The Insul-Rib panels from Metl-Span offer a rib that is 1-1/2 inches high, which played an important role in the design plan.
“The profile depth of the panels is important,” says Holzman. “We want the building read as a volume and not as a panel. The shape and shadow deceive the eye so it reads as volume.
“When you’re building a stage tower, it gets to be pretty high, so when you go to clad it, you want to get it done easily and quickly, so you can get it enclosed, which was important in this case. Insulated metal panels allowed that to happen.”
Division V Sheet Metal of St. Paul was in charge of installing the 7.2 Insul-Rib panels.
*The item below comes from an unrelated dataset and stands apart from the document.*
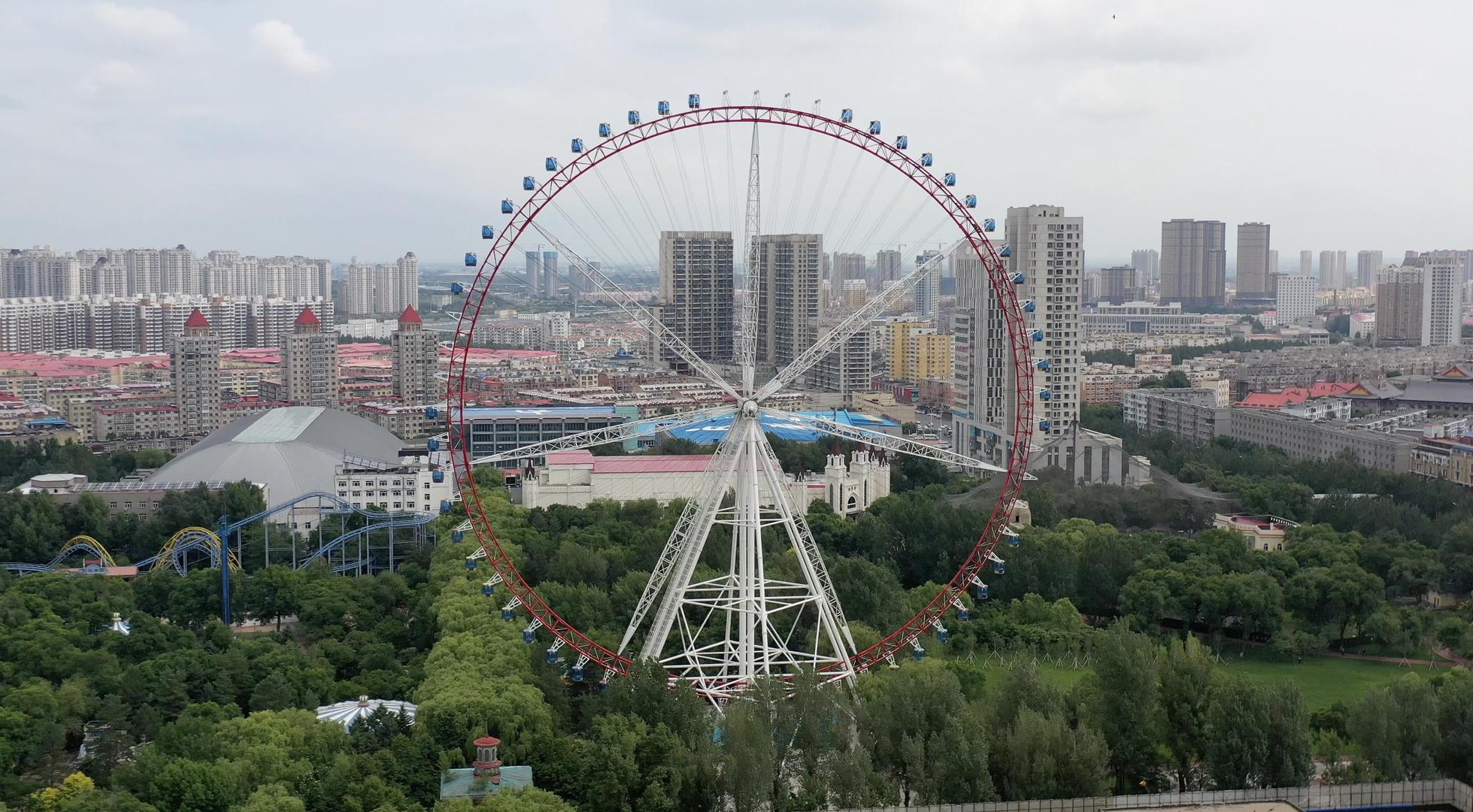 哈尔滨文化公园摩天轮航拍4K视频视频的预览图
“It was a pretty straightforward job for us,” says Bruce Reed, senior project manager at Division V Sheet Metal. “With the copper, the stone and the IMPs, there had to be some coordination with the delivery and installation, but it went well. The biggest challenge for us was working in the middle of winter instead of the middle of fall. Fortunately, the insulated metal panels were delivered on time and they were packaged by elevation so they were in the order we requested. That saves even more time during the installation because we don’t have to spend time sorting out panels.”
Because the insulated metal panels were installed on the upper mezzanine level, the use of a tower crane was required to hoist panels to the roof. From there, panels were lowered into place with a swing crane.
“Hoisting the vertical panels was a bit of a challenge,” Reed says. “We developed some clamps to hold them into place. We work a lot with insulated metal panels, so we know our way around.”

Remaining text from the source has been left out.